Back in 2011, when Siemens Gamesa launched its 8MW wind turbine platform the machine was 6MW. It says a lot that the manufacturer has managed to squeeze so much out of it.
It is one of the biggest wind turbines in the world and it an in terms of orders is set to be the most-installed offshore turbine in terms of capacity.
Siemens 8MW facts
- Power: 8MW
- Rotor: 154-metres
- Environment: offshore
The 8MW model was initially 6MW was then upgraded to 7MW. Siemens announced this at the EWEA Offshore conference in Copenhagen in 2015.
The latest upgrade incorporates changes inside the nacelle as well as a larger rotor.
Speaking about the upgrade in January, Siemens said: “Since the higher rating will be achieved with only a few component upgrades, including a new cooling concept and a new control system, customers will again benefit from key value drivers including fast time-to-market and low risk.”
Siemens 8MW offshore wind turbine – a multi-faceted platform
The company said Siemens said the platform, comprising 6MW and 7MW turbines, has completed 100 years of combined operation.
The machine has mostly been installed in northern Europe.

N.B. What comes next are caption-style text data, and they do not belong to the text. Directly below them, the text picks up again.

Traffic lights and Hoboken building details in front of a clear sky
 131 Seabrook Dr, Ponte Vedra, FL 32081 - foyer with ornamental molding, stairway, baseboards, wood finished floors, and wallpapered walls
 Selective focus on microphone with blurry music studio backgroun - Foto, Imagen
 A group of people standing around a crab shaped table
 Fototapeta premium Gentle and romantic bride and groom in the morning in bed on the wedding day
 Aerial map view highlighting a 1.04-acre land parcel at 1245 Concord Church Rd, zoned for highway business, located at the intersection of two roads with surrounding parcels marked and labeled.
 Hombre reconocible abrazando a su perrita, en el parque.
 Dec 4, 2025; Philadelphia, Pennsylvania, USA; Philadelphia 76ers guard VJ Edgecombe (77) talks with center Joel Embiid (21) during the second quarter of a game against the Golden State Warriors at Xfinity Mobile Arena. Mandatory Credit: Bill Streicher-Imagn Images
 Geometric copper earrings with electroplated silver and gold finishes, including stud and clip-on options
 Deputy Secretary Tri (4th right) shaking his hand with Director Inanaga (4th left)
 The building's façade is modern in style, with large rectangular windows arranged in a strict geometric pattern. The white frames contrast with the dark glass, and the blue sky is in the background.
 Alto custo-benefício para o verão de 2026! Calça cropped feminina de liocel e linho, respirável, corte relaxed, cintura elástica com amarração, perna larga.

One of the latest projects to use the turbine is RWE Innogy’s Galloper project, which is located off England’s east coast.
The project uses 6MW versions of the SWT 8MW wind turbine platform. However, these have been boosted to 6.3MW.
RWE builds Galloper
RWE announced the first power was produced by the project in November 2017. Installation began in May, illustrating how quickly offshore projects can now be installed.
“We have generated in record time having built the offshore part of the project in a single year, which is a fantastic achievement,” said Innogy project director Toby Edmonds.
The turbine is the world’s second-largest wind turbine according to Windturbiner’s Biggest Wind Turbines in the World feature.
- Kriegers Flat
Hywind and the 8MW windmill
Siemens 8MW is also installed on the Hywind floating wind farm off the coast of Scotland. The project is the largest of its type and the only one to use a next-generation turbine.
Five Siemens SWT 6.0-154 turbines are installed on a spar buoy foundations. These are held upright by the weight of ballast, with the steel cylinder tethered to the seabed by a three-point mooring.